ACTIVITY: Quote word for word from the line holding "La Cooperativa Los" to the last line below, including both, and omit any pictures.

++++ RECORDS PROVIDED ++++

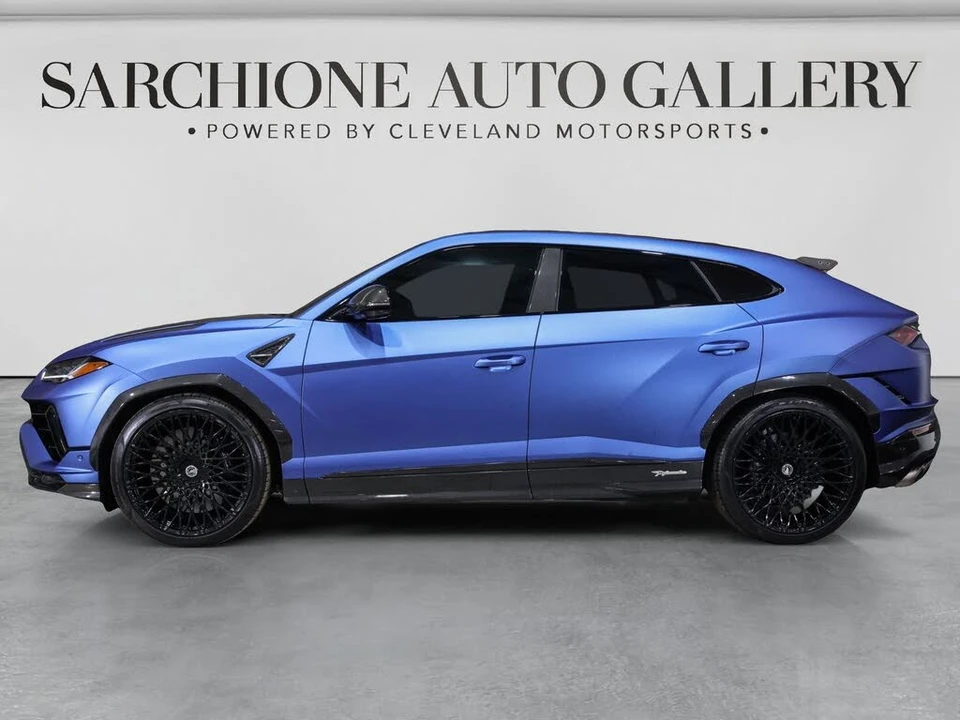 2023 Lamborghini Urus Performante - Image 12 of 31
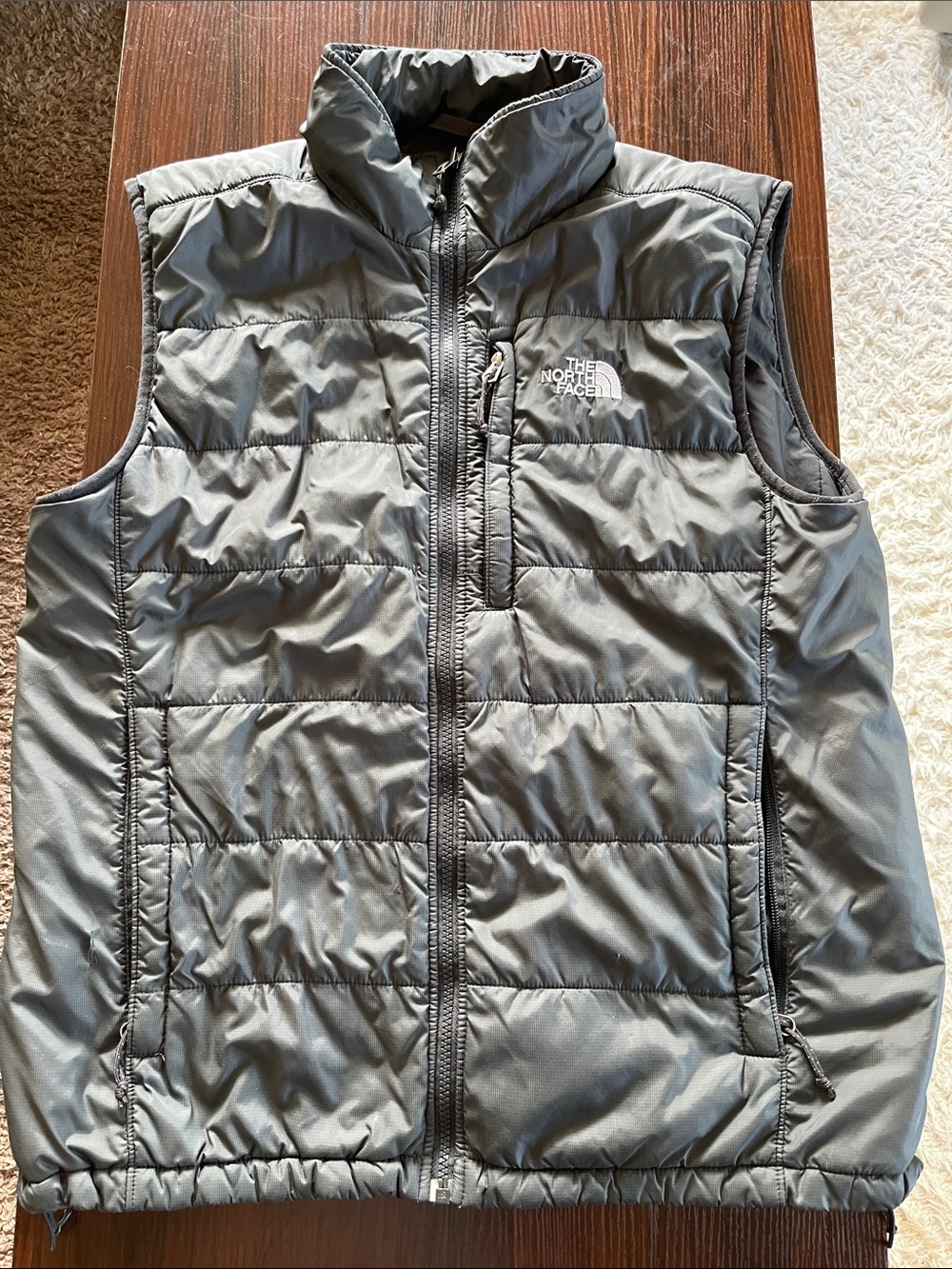 The North Face Men's Gray Quilted Insulated Vest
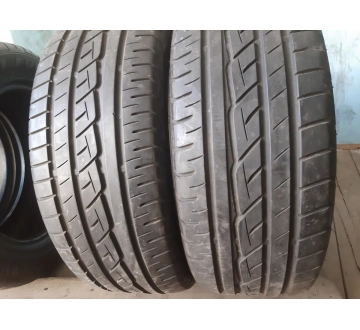 Шини на авто в хорошому стані TOYO Proxes  . шириною 225 висотою 55 радіусом R 17 низькі ціни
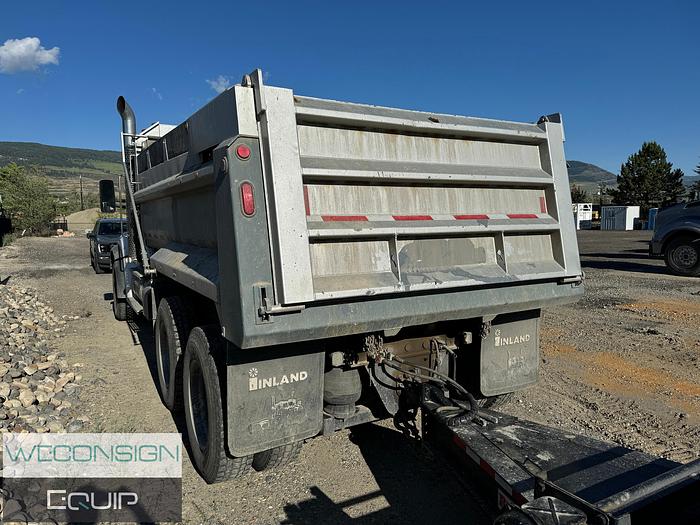 Used 2017 Kenworth T880 Dump/Gravel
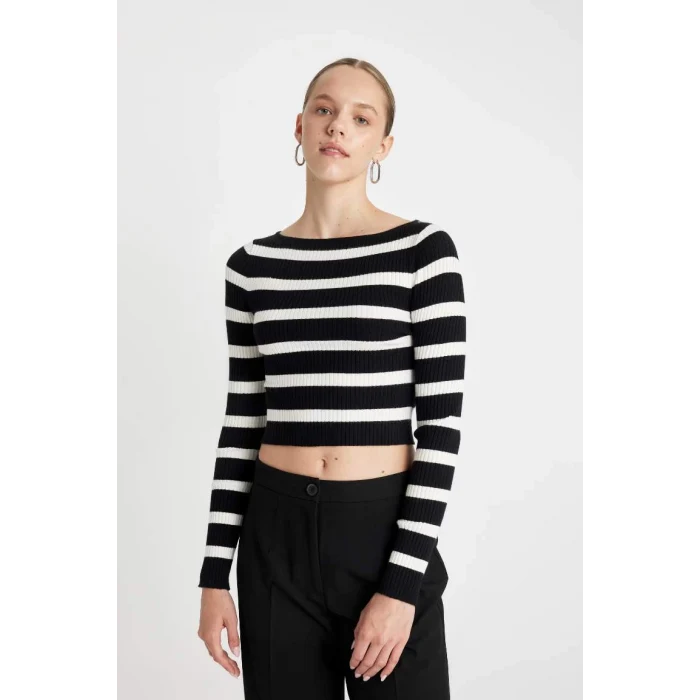 C9217 Slim Fit Çizgili Kayık Yaka Kazak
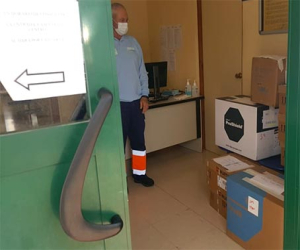 La Cooperativa Los Tajos, de Alhama, dona ocho cajas de material sanitario al ambulatorio de la localidad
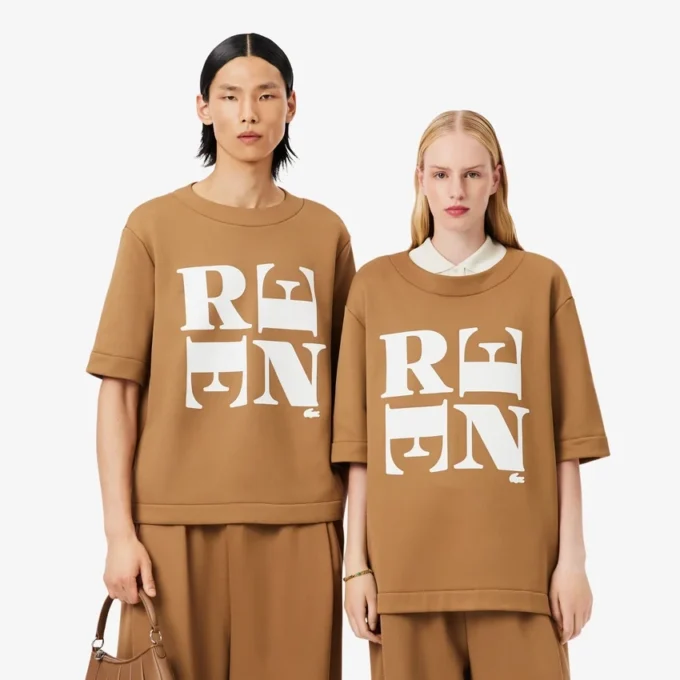 Runway Satin T-Shirt mit Grafik Runway Satin T-Shirt mit Grafik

++++

SOLUTION TO THIS TASK:
 La Cooperativa Los Tajos, de Alhama, dona ocho cajas de material sanitario al ambulatorio de la localidad
 Runway Satin T-Shirt mit Grafik Runway Satin T-Shirt mit Grafik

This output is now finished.